Opinion
2013-02-28
Robert S. Dean, Center for Appellate Litigation, New York (Angie Louie of counsel), for appellant. Cyrus R. Vance, Jr., District Attorney, New York (Deborah L. Morse of counsel), for respondent.
Robert S. Dean, Center for Appellate Litigation, New York (Angie Louie of counsel), for appellant.
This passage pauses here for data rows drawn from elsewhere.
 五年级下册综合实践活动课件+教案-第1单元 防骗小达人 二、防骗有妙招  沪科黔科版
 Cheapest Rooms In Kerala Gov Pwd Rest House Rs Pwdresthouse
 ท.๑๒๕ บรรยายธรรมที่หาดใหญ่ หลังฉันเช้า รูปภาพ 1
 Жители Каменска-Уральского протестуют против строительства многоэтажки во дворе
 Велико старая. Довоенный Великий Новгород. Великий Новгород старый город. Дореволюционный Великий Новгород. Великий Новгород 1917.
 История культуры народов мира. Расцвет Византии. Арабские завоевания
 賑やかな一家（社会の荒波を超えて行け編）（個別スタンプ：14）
Cyrus R. Vance, Jr., District Attorney, New York (Deborah L. Morse of counsel), for respondent.
Order, Supreme Court, New York County (Arlene D. Goldberg, J.), entered November 18, 2011, which adjudicated defendant a level two sexually violent offender pursuant to the Sex Offender Registration Act (Correction Law art. 6–C), unanimously affirmed, without costs.
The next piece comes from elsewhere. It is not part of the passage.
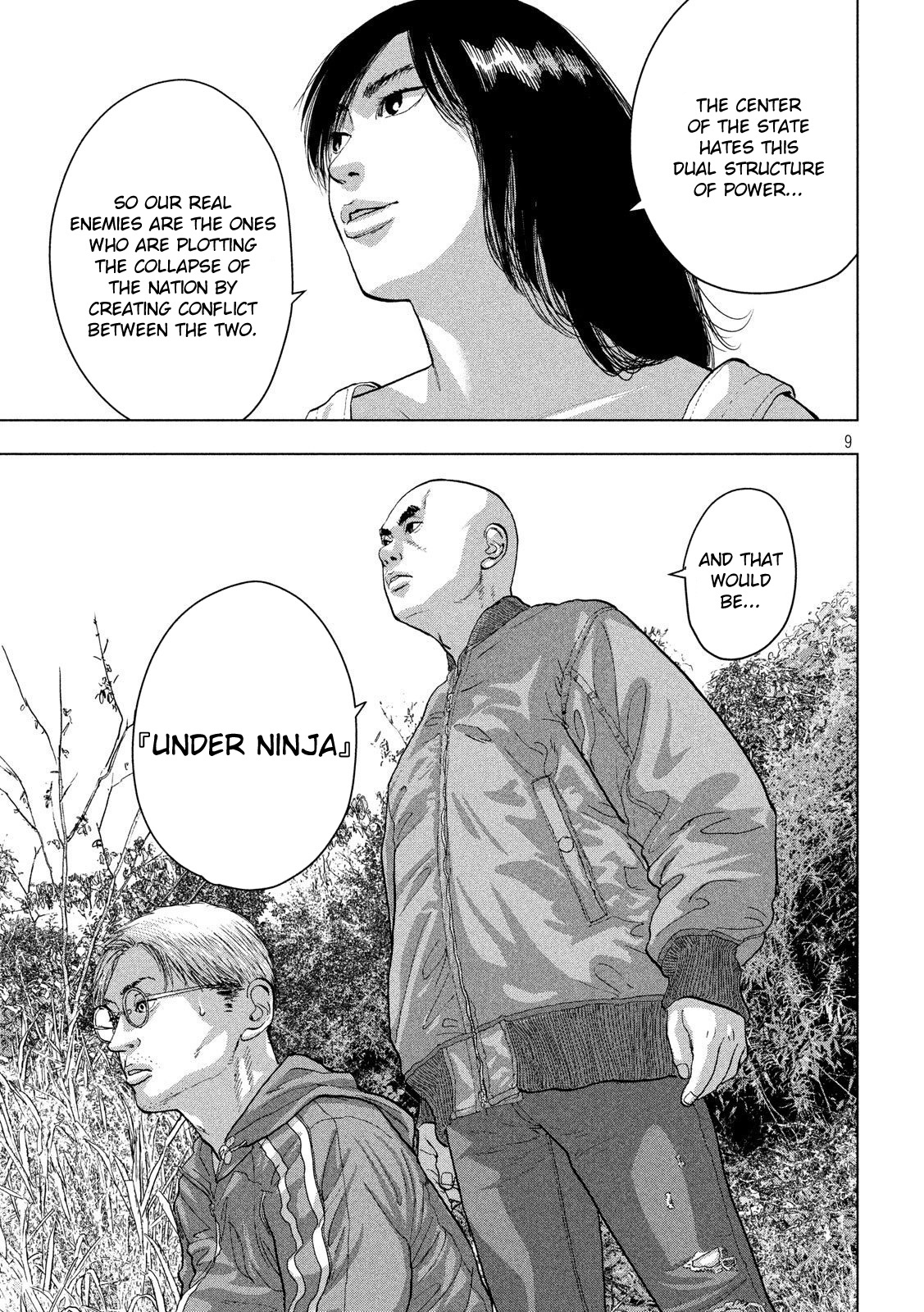 Under Ninja Chapter 23 #9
The court properly exercised its discretion in denying defendant's application for a downward departure ( see People v. Cintron, 12 N.Y.3d 60, 70, 875 N.Y.S.2d 828, 903 N.E.2d 1149 [2009],cert. denied558 U.S. ––––, 130 S.Ct. 552, 175 L.Ed.2d 382 [2009];People v. Mingo, 12 N.Y.3d 563, 568 n. 2, 883 N.Y.S.2d 154, 910 N.E.2d 983 [2009] ). The mitigating factors asserted by defendant were adequately taken into account by the risk assessment instrument, and were outweighed by the seriousness of the underlying sex crimes against a child (see e.g. People v. Melendez, 83 A.D.3d 448, 919 N.Y.S.2d 850 [1st Dept. 2011] ). Although defendant describes his sexual relationship with the victim as consensual, we note that it began when the victim was only 11 years old.